Le normalien Tran Duc Thao (1917-1993), ne fut pas seulement le premier
agrégé de philosophie vietnamien, il a aussi été un des premiers en
France à traverser toute la pensée de Husserl, jusqu'à ses zones les moins
fréquentées. Il campe un Husserl entier, pris dans toutes les ramifications de sa
réflexion. La physionomie de ce qu'est Husserl pour nous, aujourd'hui, dépend
encore largement de la synthèse qu'il a effectuée. En même temps on ne saurait
le comprendre sans tenir compte du passage entre cultures qu'il incarne, de sa
langue maternelle vietnamienne, de son effort pour trouver une solution de
continuité entre la phénoménologie et ce qu'il considère comme l'outil essentiel
dans les luttes anticoloniales, à savoir une forme personnelle de marxisme.

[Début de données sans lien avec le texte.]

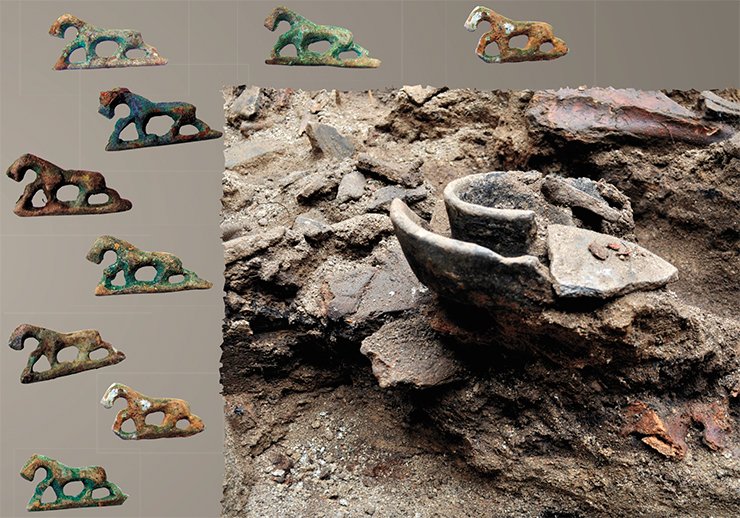 Among the bones of the buried girl were twelve bronze horses - small (no more than 3 cm), identical, one-side casts that served as fur coat decorations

Au moment où son ouvrage sur la phénoménologie husserlienne, version étendue
d'un mémoire présenté à Jean Cavaillès, paraît chez un éditeur confidentiel en
1951, son intérêt s'est déplacé vers le Vietnam et les mouvements annonciateurs
des luttes pour l'indépendance en Indochine. Tran Duc Thao qui, d'Althusser à
Derrida en passant par Kojève ou Sartre, a marqué tant de philosophes de l'après-guerre
a également été un des premiers intellectuels du Vietnam indépendant.